Your instructions: Print the data below exactly, but only the lines from the one containing "Lexus ES 2015 300h Comfort Edition фото 15" down to the one containing "Snapshot of laurencarter1", inclusive.

(Records from a dataset)
Start of Block
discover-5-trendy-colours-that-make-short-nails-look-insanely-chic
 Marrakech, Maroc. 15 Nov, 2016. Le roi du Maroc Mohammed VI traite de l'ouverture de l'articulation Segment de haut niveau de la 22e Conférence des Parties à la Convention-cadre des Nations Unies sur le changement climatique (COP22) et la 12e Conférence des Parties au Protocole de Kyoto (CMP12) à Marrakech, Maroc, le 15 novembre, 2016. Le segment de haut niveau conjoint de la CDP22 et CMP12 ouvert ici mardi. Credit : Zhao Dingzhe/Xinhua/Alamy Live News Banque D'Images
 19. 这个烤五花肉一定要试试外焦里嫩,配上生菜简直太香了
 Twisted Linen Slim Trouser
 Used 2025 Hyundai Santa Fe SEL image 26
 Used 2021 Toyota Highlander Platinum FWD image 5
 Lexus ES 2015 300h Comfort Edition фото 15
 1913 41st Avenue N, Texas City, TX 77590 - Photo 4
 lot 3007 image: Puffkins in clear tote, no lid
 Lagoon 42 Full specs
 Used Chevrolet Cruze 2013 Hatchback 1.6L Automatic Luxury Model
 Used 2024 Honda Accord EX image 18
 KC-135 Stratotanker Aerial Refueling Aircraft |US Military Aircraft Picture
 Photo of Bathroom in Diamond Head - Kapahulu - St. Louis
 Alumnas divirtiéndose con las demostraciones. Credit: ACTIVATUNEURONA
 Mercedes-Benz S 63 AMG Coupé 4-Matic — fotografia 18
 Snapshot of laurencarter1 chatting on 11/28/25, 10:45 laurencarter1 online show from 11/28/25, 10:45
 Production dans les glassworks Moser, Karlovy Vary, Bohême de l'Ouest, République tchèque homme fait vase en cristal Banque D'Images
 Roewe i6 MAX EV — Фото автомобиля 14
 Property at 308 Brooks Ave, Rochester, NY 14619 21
End of Block
Task solution:
 Lexus ES 2015 300h Comfort Edition фото 15
 1913 41st Avenue N, Texas City, TX 77590 - Photo 4
 lot 3007 image: Puffkins in clear tote, no lid
 Lagoon 42 Full specs
 Used Chevrolet Cruze 2013 Hatchback 1.6L Automatic Luxury Model
 Used 2024 Honda Accord EX image 18
 KC-135 Stratotanker Aerial Refueling Aircraft |US Military Aircraft Picture
 Photo of Bathroom in Diamond Head - Kapahulu - St. Louis
 Alumnas divirtiéndose con las demostraciones. Credit: ACTIVATUNEURONA
 Mercedes-Benz S 63 AMG Coupé 4-Matic — fotografia 18
 Snapshot of laurencarter1 chatting on 11/28/25, 10:45 laurencarter1 online show from 11/28/25, 10:45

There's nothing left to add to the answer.